Du côté du Canada anglais, les prix JUNO se sont dotés d’une politique concernant l’IA qui mentionne que: «des éléments d’IA peuvent être utilisés dans les projets éligibles, mais ils ne peuvent pas en être la seule ou la principale composante. L’être humain doit être le principal contributeur créatif de l’œuvre soumise.»
Suivant le scandale de l’affaire Océanne Chamberland et l’arrivée de La terrible beauté du monde, la plateforme 45tours a récemment créé la catégorie «Intelligence artificielle» pour accueillir ce type de production.
Le duo remarque que, ce qui dérange, est l’impression que l’IA aurait volé des contrats à des vrais musiciens. Mais qu’en est-il du travail de l’autrice? se demandent-ils.
Un sujet en constante évolution
Les artistes ont signé avec Warner Music pour distribuer cet album. Ironiquement, la maison de disque a entamé en 2024, aux côtés d’autres acteurs de l’industrie, une poursuite contre Suno et d’autres IA du genre.
On leur reproche essentiellement de s’être entraînés en consommant la musique produite par de vraies personnes sans payer les redevances.
Les propriétaires de ces IA invoquent pour se défendre le fair use, c’est-à-dire qu’ils font un usage juste des documents utilisés pour entraîner leur technologie qu’ils comparent essentiellement à un étudiant qui lirait tous les livres d’une bibliothèque pour ensuite écrire son propre livre.
«Dans les sociétés de gestion de droits, en ce moment, on tombe dans la même case qu’un DJ ou un producteur de musique électronique qui va utiliser des ordinateurs pour faire du beat», explique Samuel Wagner.
Lui et son complice voient un certain parallèle entre l’apparition de l’IA aujourd’hui et celle de l’échantillonnage (sampling) au XXe siècle.
Stratagème, extrait de l’album La terrible beauté du monde d’Insuula, coréalisé par Samuel Wagner et Philippe Bourque.
(Vidéoclip réalisé par Philippe Bourque, coréalisateur de l’album La terrible beauté du monde d’Insuula.)
Warner Music est au courant que leur album est réalisé avec Suno.

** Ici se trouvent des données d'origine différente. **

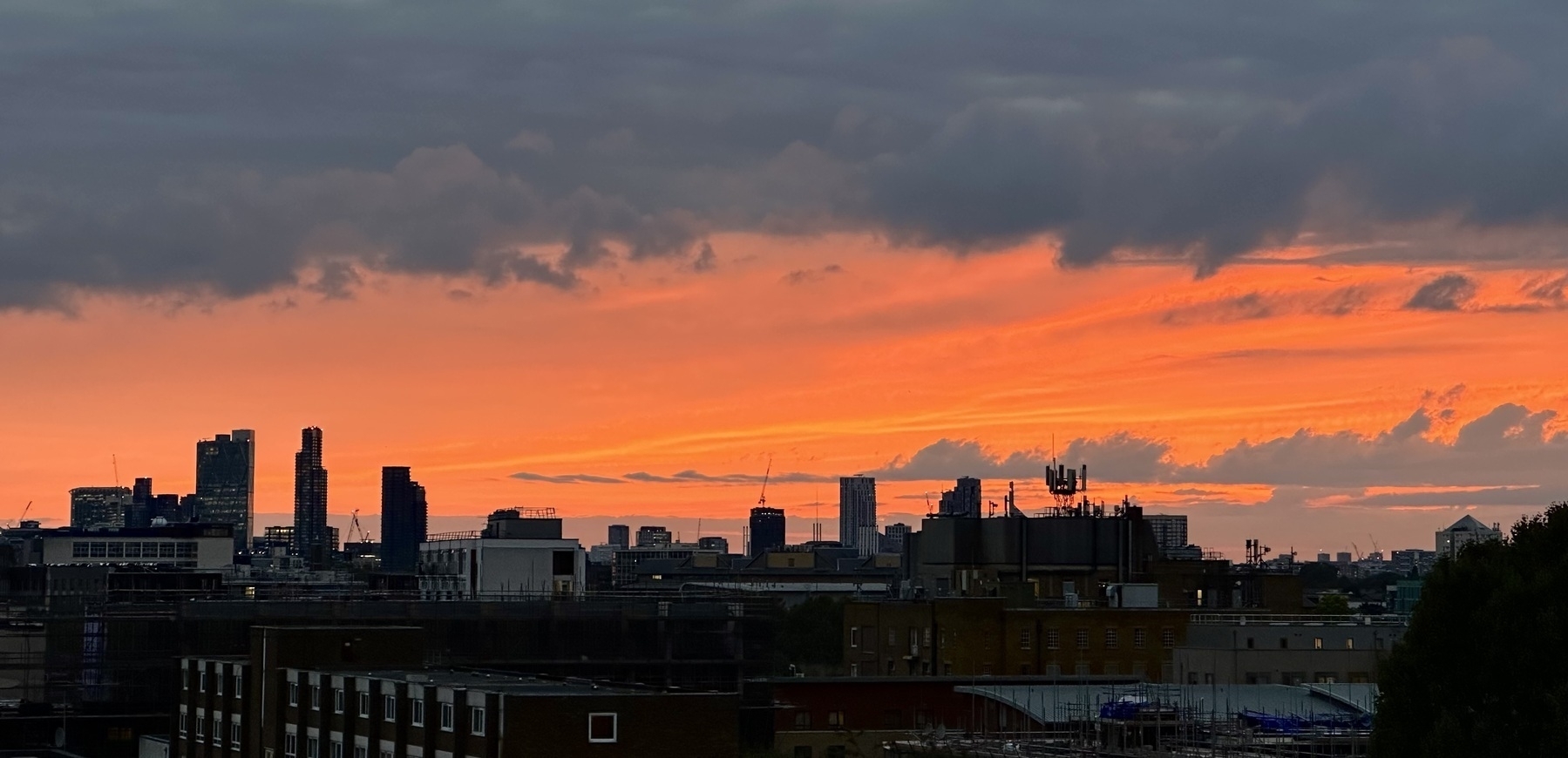A band of orange sky at sunset, sandwiched between a building filled horizon below and grey clouds above.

C’était d’ailleurs la première fois que l’étiquette accueillait ce genre de produit… à leur connaissance. Et ce n’est peut-être qu’un début.
Via un partenariat avec Amazon, Suno est maintenant intégré à la plus récente version d’Alexa déployé en février dernier, Alexa+.
Pour le duo de Québec, les chamboulements amenés par l’IA mettent en lumière l’incapacité du système actuel à protéger les droits des artistes et, à travers cela, amène une remise en question plus générale du modèle d’affaires proposé par l’industrie la musique.
«Ces outils qu’on a pris depuis 25 ans pour essayer de sauver l’industrie dans le milieu numérique, non seulement ça ne marchera pas, mais ça n’a pas marché depuis 25 ans. On a réussi à aller chercher des petites miettes», conclut Philippe Bourque.